Anybody else had same experience?


----------



## council (Jan 7, 2014)

citiz said:


> Hello Wonderful People,
> I recently attended my Citizenship interview and test which went well. When I logged into my immi account post interview, I could see that my status is changed to Approved. However the status was changed to approved on the same day as my interview day.
> 
> So can you guys share your experience, whether the status of your citizenship application was also changed to approved on the same day as your test day? Or the status changed to approved on later day. You can see status of your application in your immi account.


Yes I recall seeing it was approved on the same (or next) day.

Then after a week or two, a letter from the minister's office providing more information.


----------



## citiz (Nov 20, 2018)

council said:


> Yes I recall seeing it was approved on the same (or next) day.
> 
> Then after a week or two, a letter from the minister's office providing more information.

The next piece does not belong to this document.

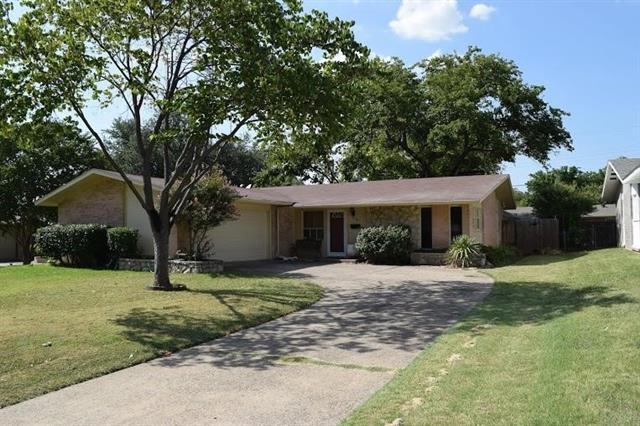 property at 928 Wisteria Way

Thought as much. Thanks for your reply


----------



## council (Jan 7, 2014)

BTW, I remember talking to the person processing the test and interview (and all that), and as I was curious, I asked so many things - she mentioned that after all that has been done, she was approving the citizenship application - then clicked the button on her computer screen. She advised to wait for the official letter forthcoming.


----------



## citiz (Nov 20, 2018)

council said:


> BTW, I remember talking to the person processing the test and interview (and all that), and as I was curious, I asked so many things - she mentioned that after all that has been done, she was approving the citizenship application - then clicked the button on her computer screen. She advised to wait for the official letter forthcoming.


Oh wow! You actually fully answered my entire question.  I am sure your post will help lot of future applicants since that the first update they see after the test. Also the help provided on the immi account is not very clear. Thanks a ton.


----------